Try looking at the flashes of fire in a diamond while you hold it very still. First look with one eye, then with the other, followed by looking with both eyes. Repeat this experiment in a variety of different lightings. It is quite scary to contemplate the level of complexity of such a simple experiment. It is unlikely any machine could ever duplicate what you see, let alone have the flexibility to see as another person does.

Contrast enhances perception of saturation
Our eyes seek edges and boundaries between contrasting hues and tones. This is programmed into us as part of the quest for survival and to bring meaning to our world. How we then assess the pleasure or emotions we experience from our observations results in an individual experience or perception. For instance the inability to find an edge in a Jackson Pollock painting made the artist wealthy, yet I find this visual trickery annoying and a manipulative misuse of art.
International diamond dealers know people from different geographic, cultural and socio-economic markets favour different proportions and looks in diamonds. Differences in buyer preferences make it appropriate that a diamond cut-grading system would assist vendors distinguish demand from various market segments. The HCA grading system addresses those issues.
Consumer perception of diamond beauty and desirability differs from that of many experts who examine diamonds with lenses and flood-lit back lighting environments. In short, sellers have learned how not to look the way buyers do; a classic mature marketing mistake.
This diversity of consumer preferences may mean there may be no rational scientific solution to the ideal cut dilemma, and no true way to measure an individual diamonds performance for more than an individual buyer. I hope that my contribution to this subject has bought an appropriate balance of observation of both diamonds and diamond consumer behaviour and preference. Having had the benefit of some training in the behaviour of light, and an early scientific education, I hope to have had enough understanding of the issues to support my observations with some credible evidence. Some people will challenge the lack of scientific rigour and reproducibility of the methods used to design the scores in HCA. They are welcome to do so; I have never maintained any pretence of being a scientist. All I have is a well developed ability to look good and challenge assumptions. But many of my results have been confirmed by true scientists.
So be it if the methods and results of this cut study are unscientific, if the results are wrong then I will enjoy the search for better solutions. Criticism is a friend, not a foe in the quest for continual improvement.

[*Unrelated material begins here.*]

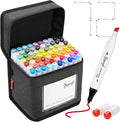 Bianyo 72 Colors Alcohol Markers Set, Dual Tip Fine & Chisel Art Markers with Black Carry Case, Ideal For Coloring Books, Blending, Drawing & Sketching, A Perfect Holiday Gift for Artists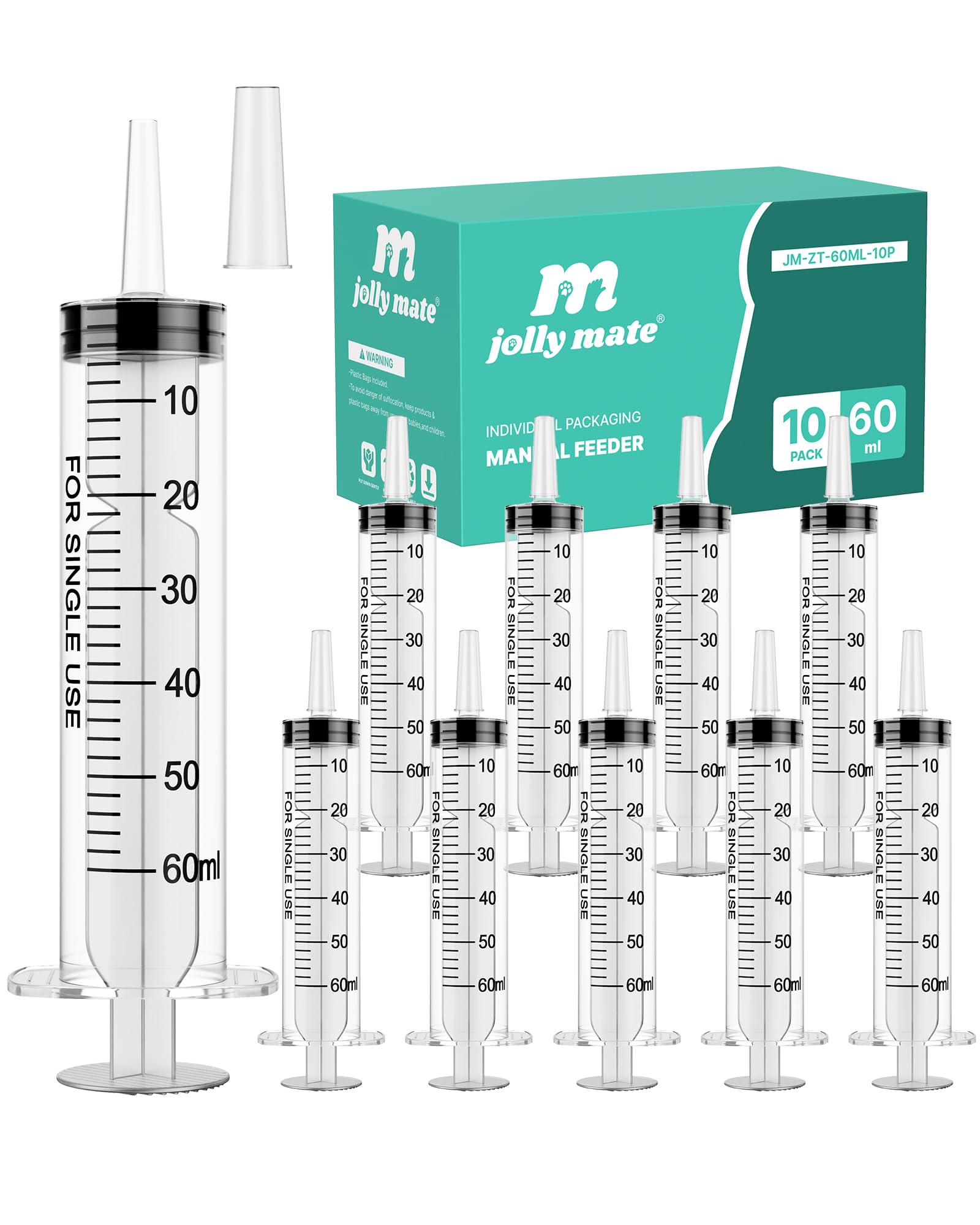 View 1 of 10 Pack Jelly Shot Syringes with Caps, 60ml Plastic Syringe for Halloween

Is Light Return Brilliance?
One of the most complex problems that dogs me is the relationship between light return and scintillation. I am quite prepared to consider that there is no way to measure brilliance. Light return is a quantifiable thing, but brilliance is a human variable.
This simple experiment that shows the effects of contrast was proposed by my friends (the real Scientists) at Moscow State University.
Consider some of these variations to this experiment:
- Would the viewing distance affect the result?
- Does the observers eyesight play a part?
- Would the light type and source type affect the experiment?
- Does movement change the results?
- Would bars, triangles or circles change the result?
- Would colors give the same result?
Beauty and desirability are to some extent in the eye and mind of the beholder. Different people will prefer different diamonds. HCA demerits diamonds with sub-optimal performance, such as light loss out the pavilion, excessive head-shadowing or fisheye effects etc. It then also sets out to describe three groups of diamonds that have appeal to various buyers.